I will admit though, that even to this day I still fear for those pregnant women and I still say quietly to the heavens “please let their baby live, please let everything run smoothly for them. Please let them feel the joy of having their baby safely in their arms”.
As for the living newborns or the little babies around our sons age – that was completely excruciating for me. Newborn / little girls, I was completely fine with, they didn’t illicit any emotional reaction from me. Perhaps because I already had my healthy living daughter. Boys on the other hand, oh my god was that a challenge. They were a constant reminder of what I had just lost, and what could have been. I would literally want to die (I wasn’t suicidal), but I wanted the excruciating pain in my heart to end. This was amplified whenever I was around another baby boy. My partner had an amazing ability to continue to interact with them. I just couldn’t do it.

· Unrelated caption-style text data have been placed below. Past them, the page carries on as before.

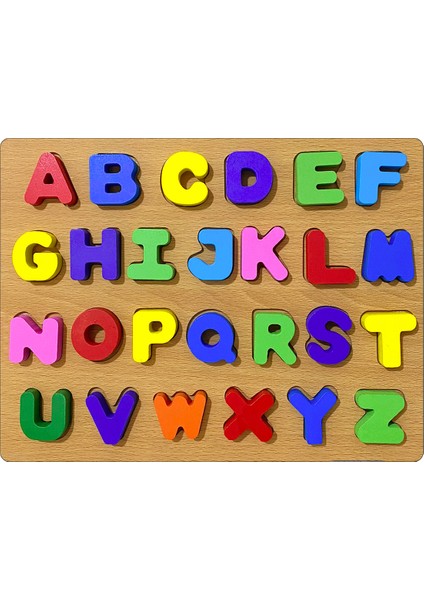 Eğitici Ahşap Oyuncak | Harfleri Öğreniyorum Kabartma Harfler Oyun Seti fiyatları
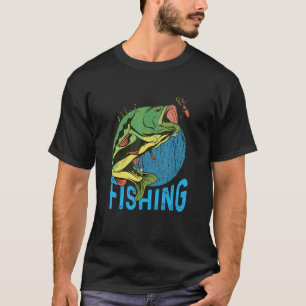 Fliegenfischen Barsch Fisch ein Barsch der gerade  T-Shirt
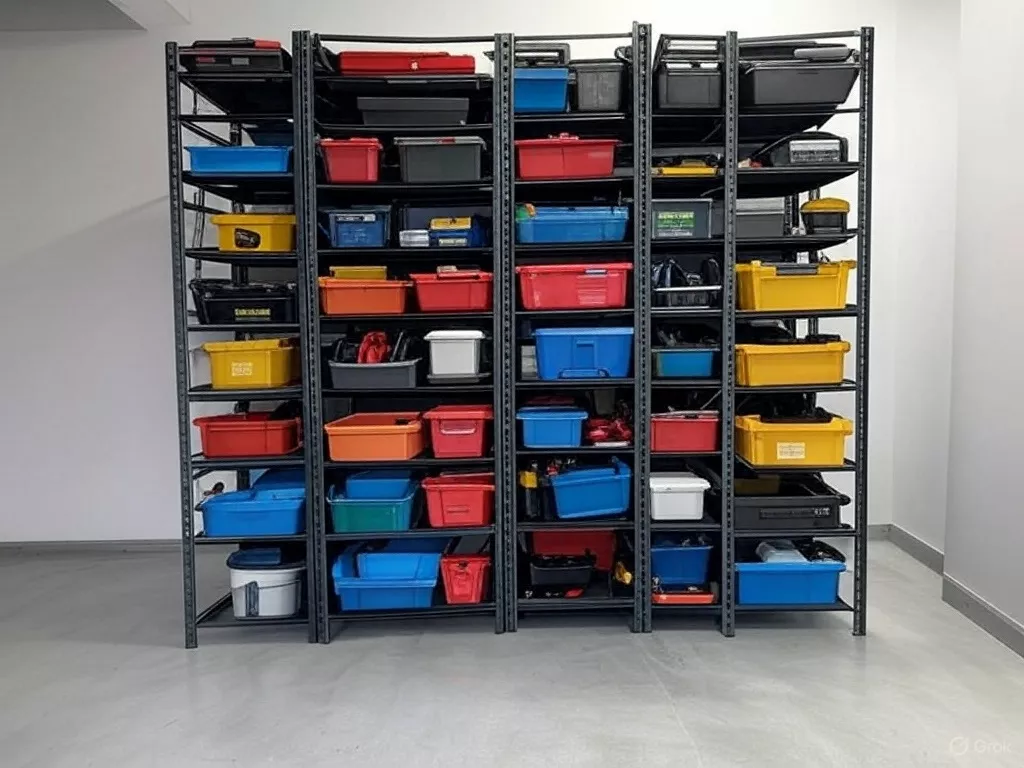 2. Skirtingų Tipų Sandėliavimo Stelažai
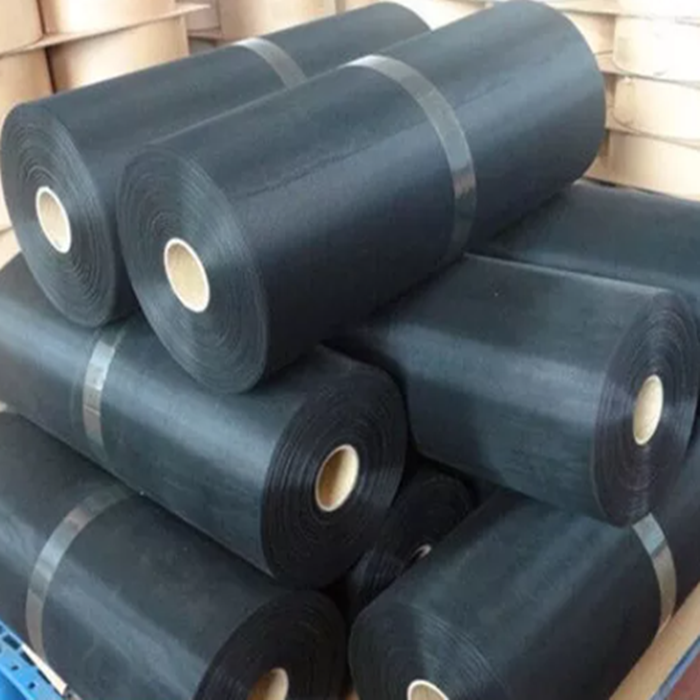 Epoxy Coated Filter Wire Mesh/Iron filter Wire Mesh/black filter cloth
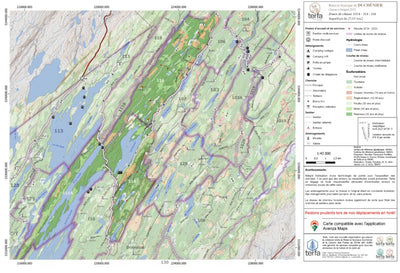 TERFA Zones 111A-114-116 orignal écoforestière 2023v2 digital map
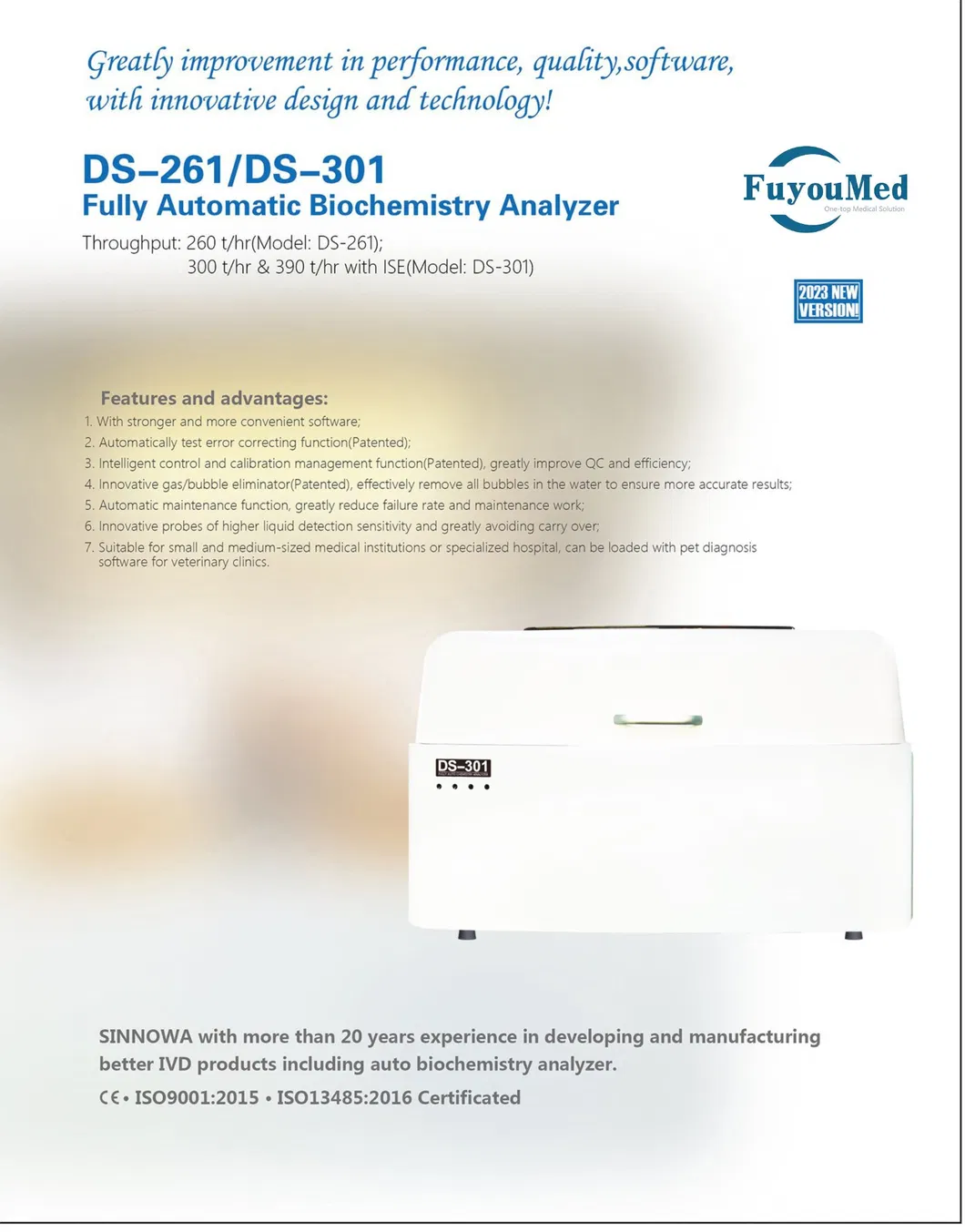 Fully Automated Biochemistry Analyzer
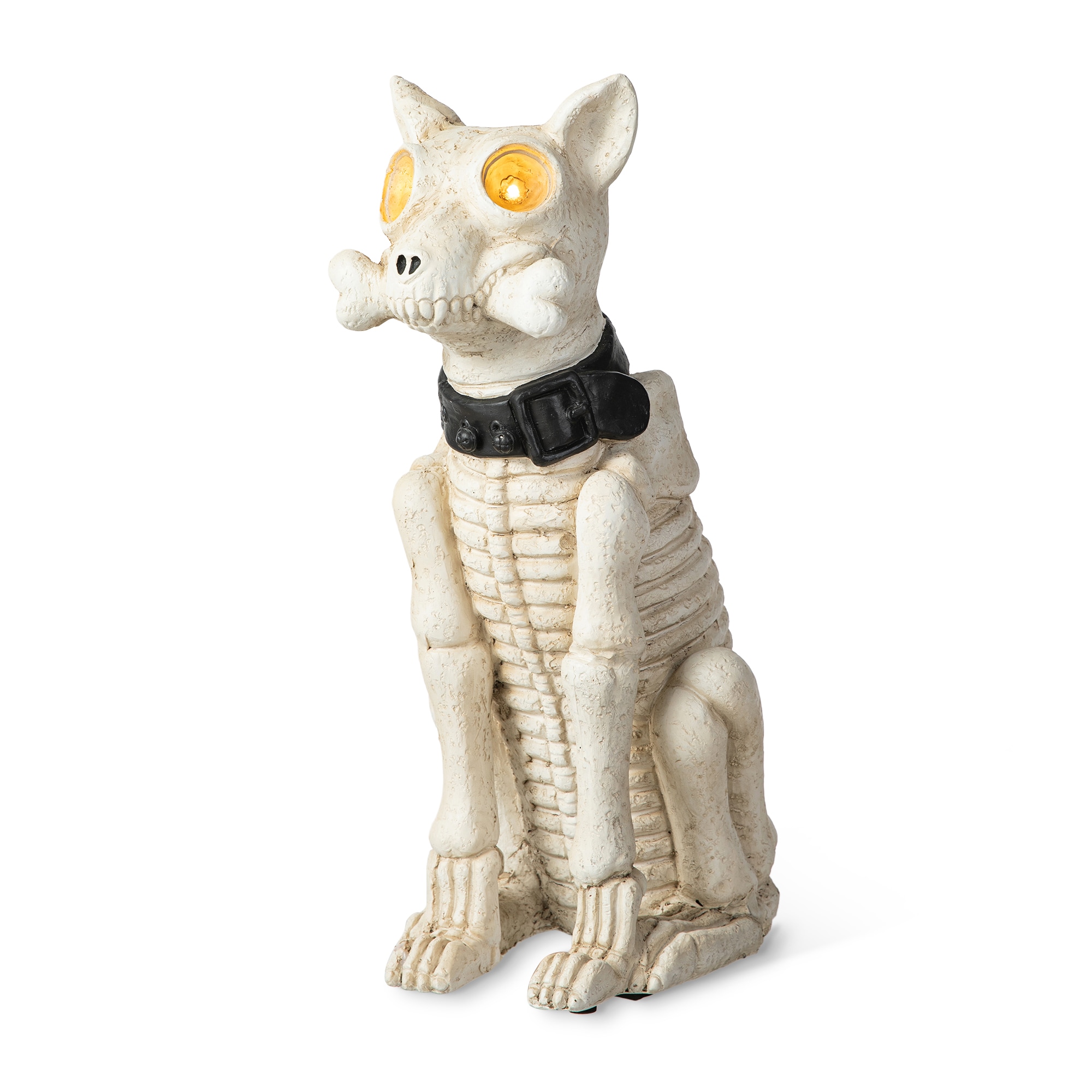 Glitzhome 2039500002 20.5-Inches Freestanding Lighted Happy halloween Light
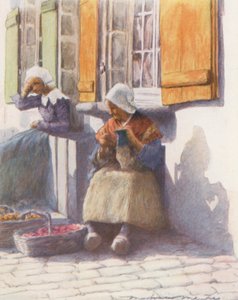 On the Quay at Pont-Aven by Mortimer Ludington Menpes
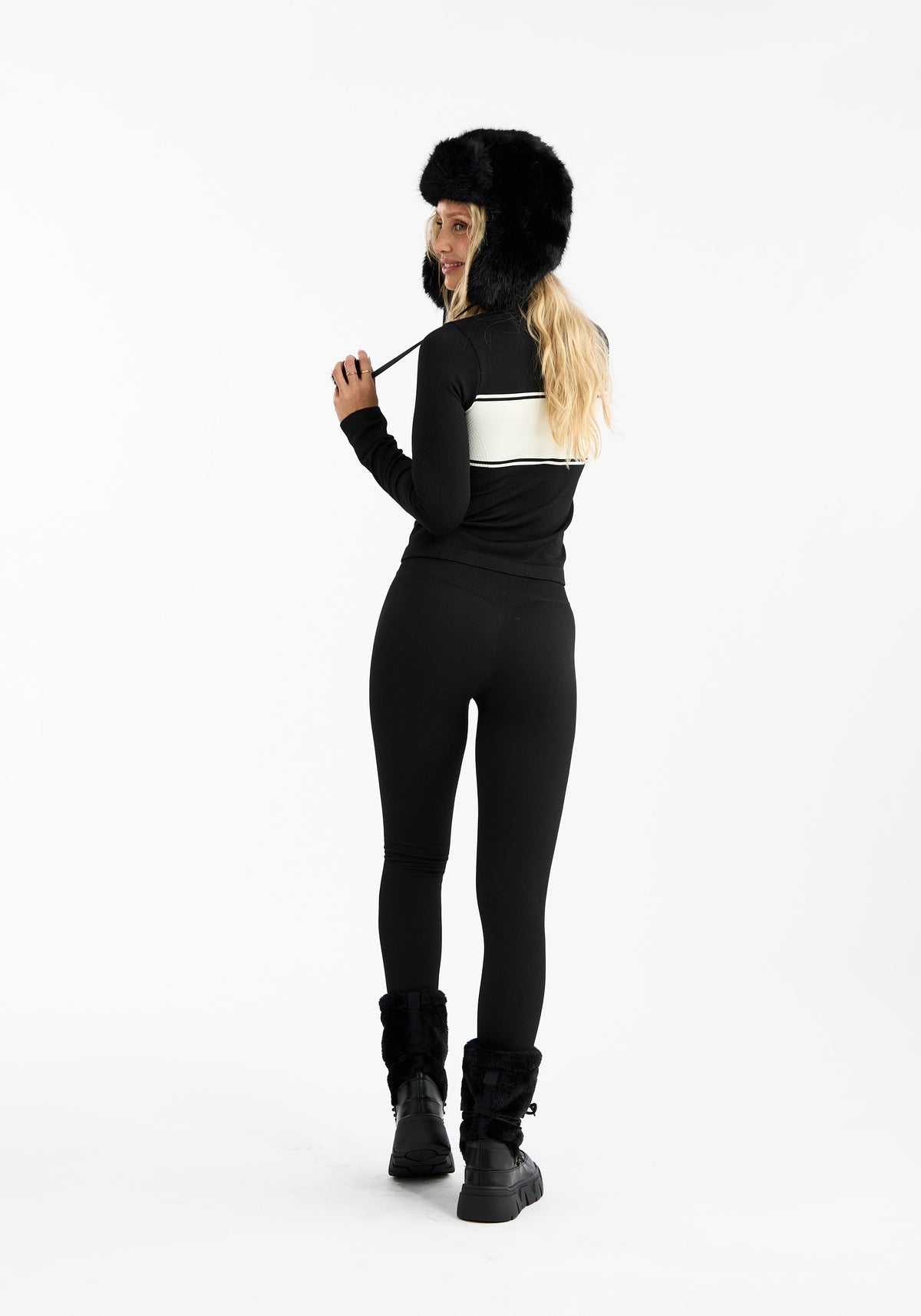 Seamless Base Layer Tights Black Après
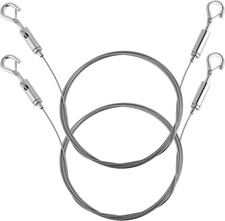 2 Stück Drahtseil Einstellbar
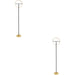 2 PACK Sleek Modern Brushed Brass and Black LED Floor Lamp for Stylish Indoor Illumination
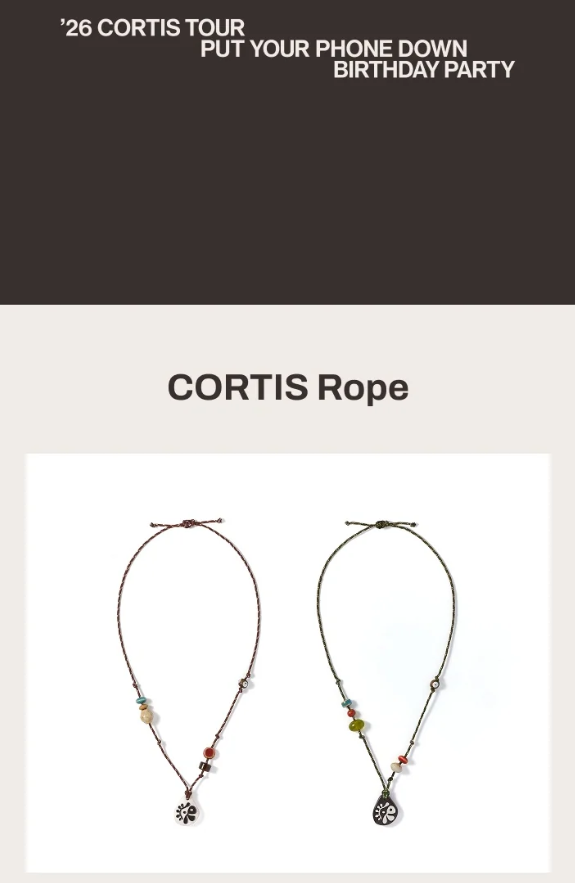 アイドル CORTIS PUT YOUR PHONEDOWN CORTIS ROPE DB CORTIS - PUT YOUR PHONE DOWN BIRTHDAY PARTY 2026 TOUR OFFICIAL MD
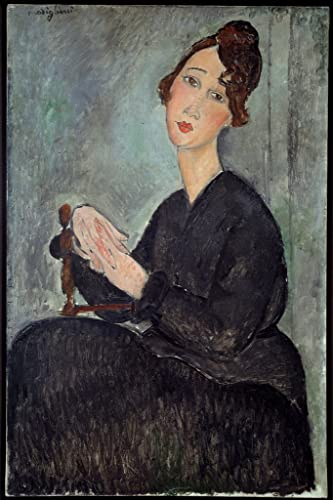 Impression Tableaux Graffiti Art Mural Portrait Modigliani Décoration Moderne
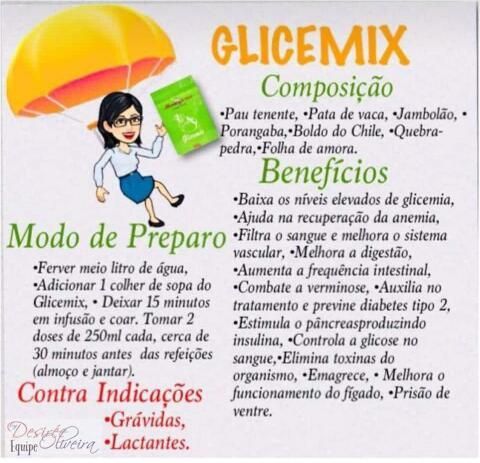 Chá Natural Glicemix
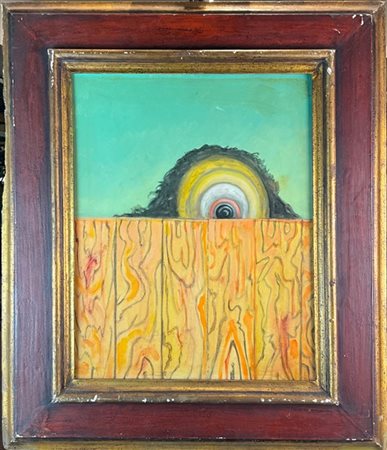 Arturo Carmassi "Studio per periferia" 1970
olio su tela
cm 50x40
firmato, titol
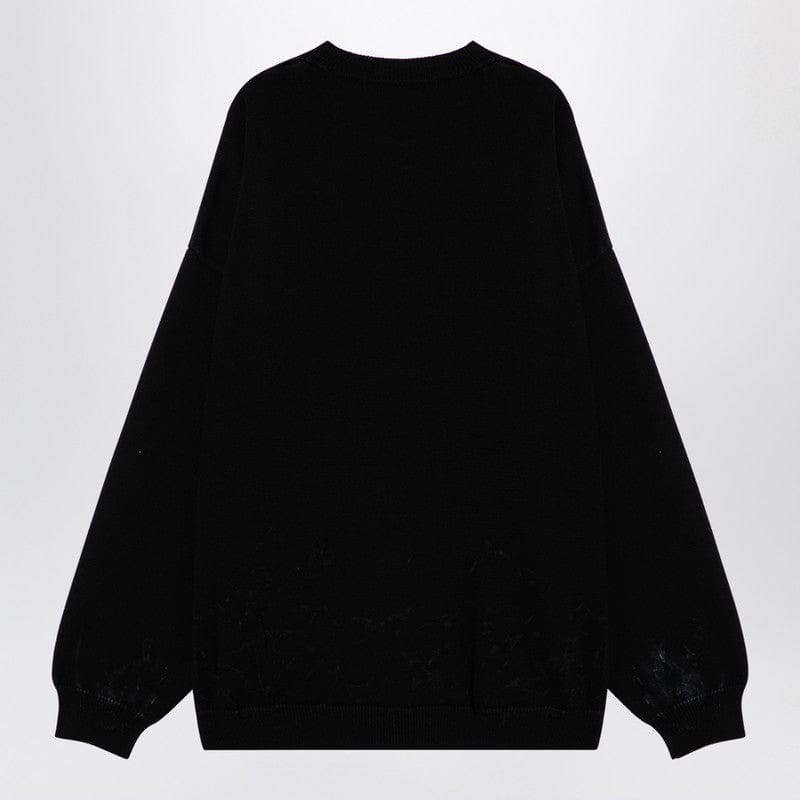 Balenciaga Topwear Balenciaga Black cotton blend jumper with print Balenciaga Black cotton blend jumper with print Brand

One night (I would say maybe week 3 or 4 of grief), I asked my partner, “babe how do you do it? I just can’t do it, I cannot bare to hold another baby boy if I can’t hold my own”. He replied that sometimes we just need to bite the bullet and do it. It hurts, it even hurts him but he does it because he knows its going to be all around us, and the love he has for these babies hasn’t changed because we couldn’t keep ours. My partner supported me in every way, and reassured me there will never be “the right time” but when I’m ready I will know. I sat on this conversation for a couple of days, and as painful as it felt, I knew he was right. I had to face it. I can tell you I was so nervous and the whole time I was trying to build up the courage to ask if I could hold my nephew, I was also trying to frantically talk myself out of it.
I wanted my son and only him in my arms, so I felt I was betraying my boy. I was terrified my deep pain would bring me to my knees.
When I finally asked, something strange happened. It felt good, I had achieved a tremendous self growth, and this little person I held on my lap made that happen for me. I will forever be grateful to my nephew for that, for showing me innocence with no judgement and for affecting me in such a positive way.
For me, I felt I had to take this step forward or else it may have held me back on my journey with grief. Some days I still struggle with being around boys my son’s age, but it is not an overwhelming feeling of grief, it’s more of a wondering what my son may look like or would he be doing this by now or how would his laugh sound. The answer to those questions can only be found in our dreams and I have to learn to accept that in time. If that feeling will ever go away, I am unsure. I don’t jump to cuddle babies like I once did, but I know for certain I watch them like a hawk more now then I ever did and I will protect them because I do love them and I want them to be safe.
I would say to bereaved parents in similar situations to set boundaries but don’t be afraid to take steps forward because as painful as it is going to be, sometimes when things seem the darkest, moments of beauty present themselves in the most unexpected ways.